● **What is expected**
Below is a listing from which only part is wanted; return exactly the lines from the one with "Maison à TIGNIEU-JAMEYZIEU" up to and including the one with "Beautiful Mini F1b Goldendoodle Puppies".

● **Raw data**
____________________

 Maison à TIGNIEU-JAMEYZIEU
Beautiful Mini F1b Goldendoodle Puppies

____________________

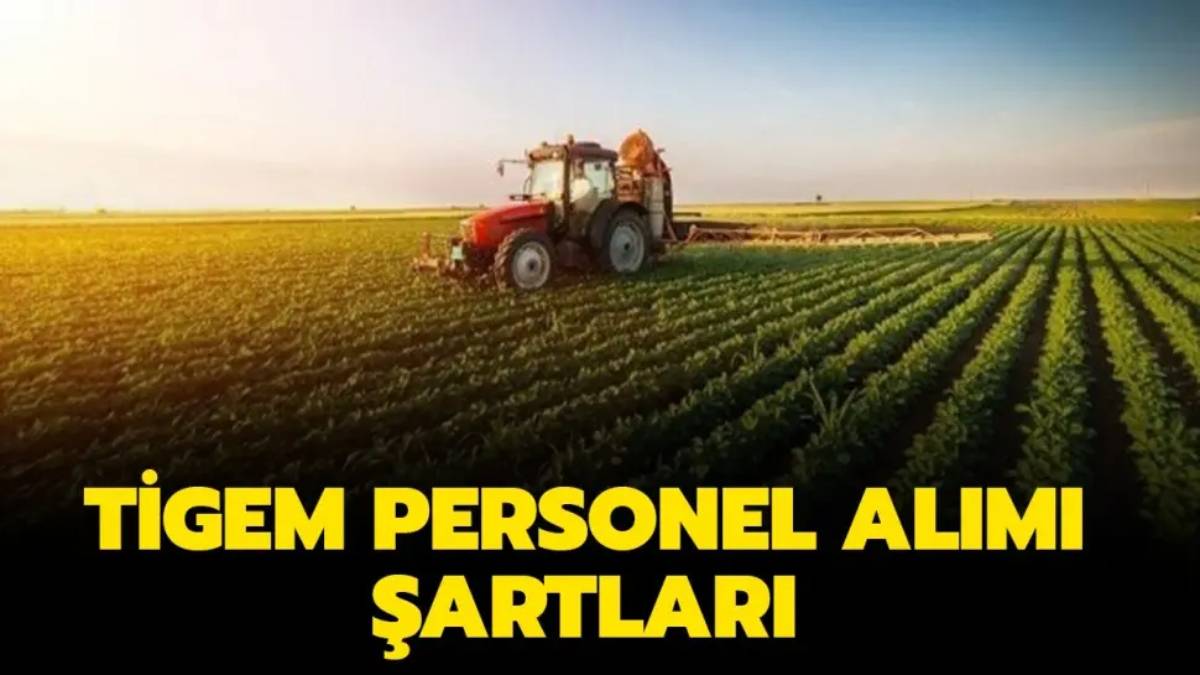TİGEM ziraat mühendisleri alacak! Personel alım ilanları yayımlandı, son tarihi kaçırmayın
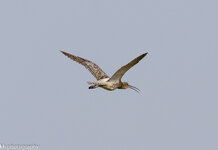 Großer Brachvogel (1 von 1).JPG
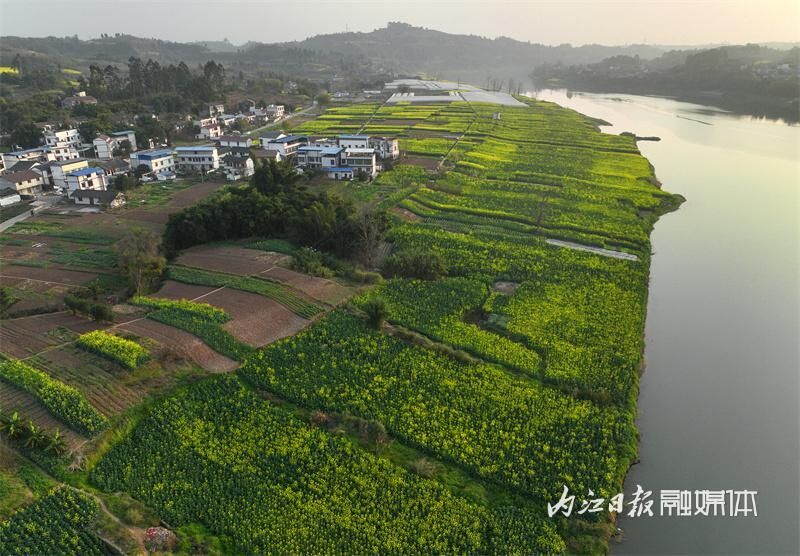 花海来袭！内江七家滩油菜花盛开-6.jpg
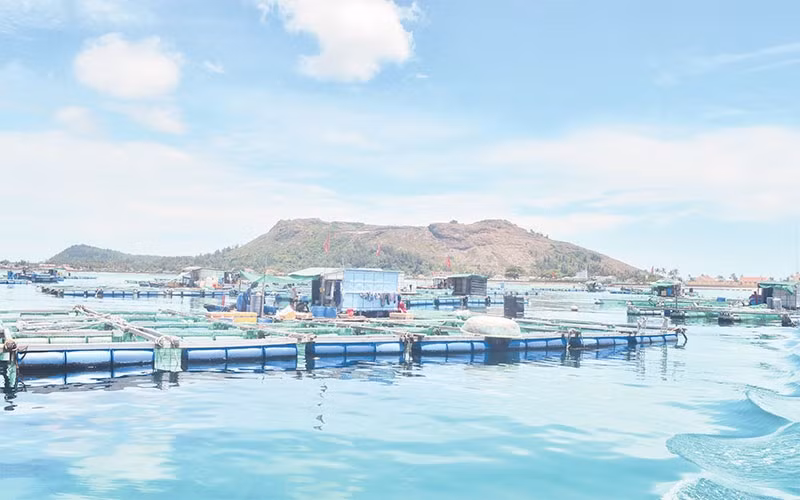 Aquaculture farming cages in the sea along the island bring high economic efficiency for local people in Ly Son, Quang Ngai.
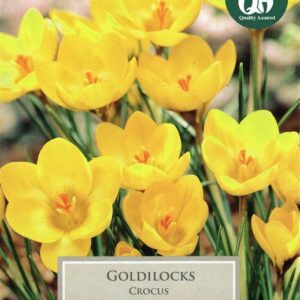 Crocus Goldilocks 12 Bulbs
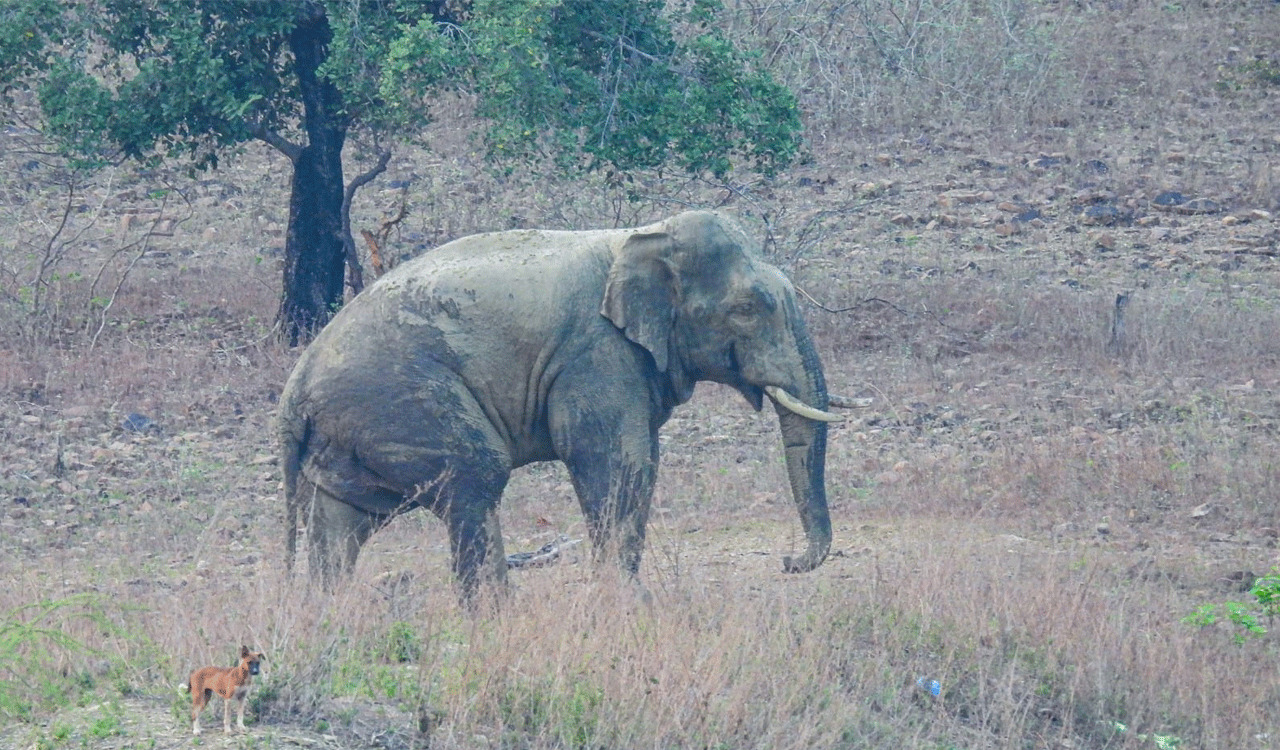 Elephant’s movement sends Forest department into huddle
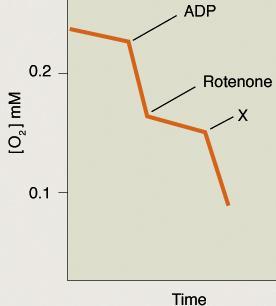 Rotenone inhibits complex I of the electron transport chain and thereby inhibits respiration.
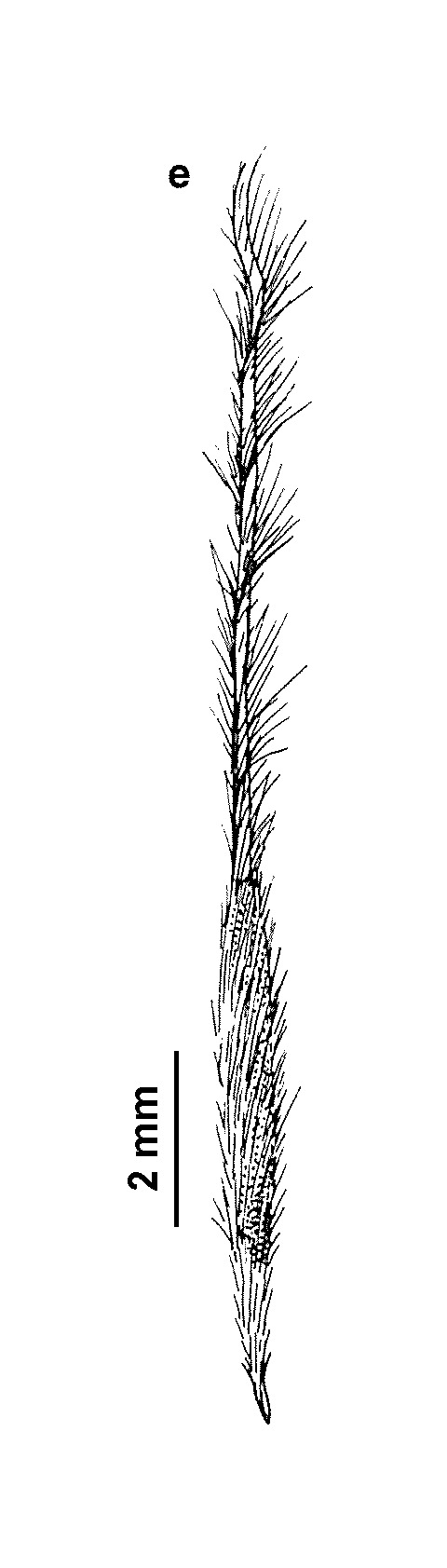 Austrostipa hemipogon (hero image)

____________________

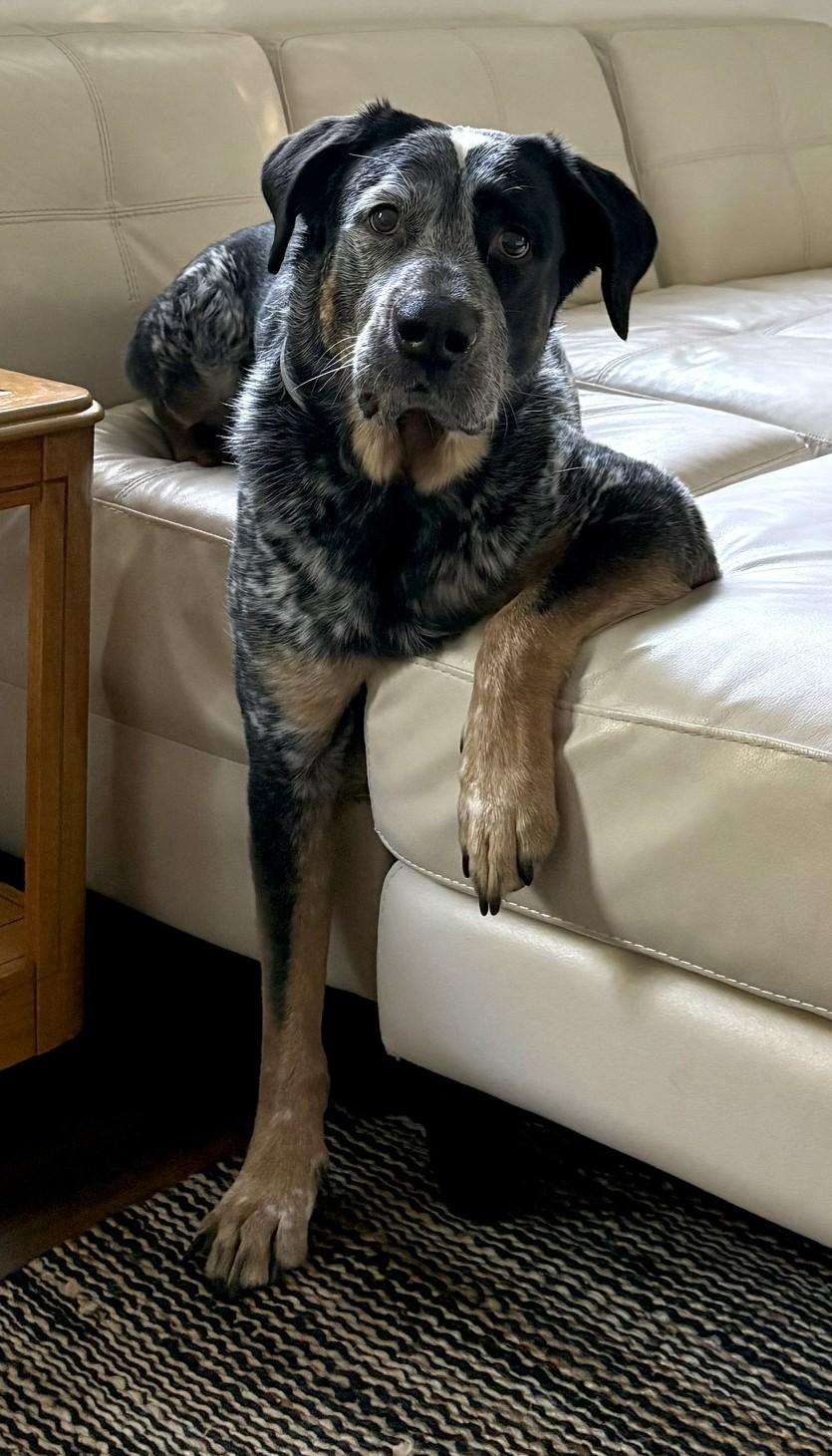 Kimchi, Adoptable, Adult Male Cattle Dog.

____________________

● **Task solution**
 Maison à TIGNIEU-JAMEYZIEU
Beautiful Mini F1b Goldendoodle Puppies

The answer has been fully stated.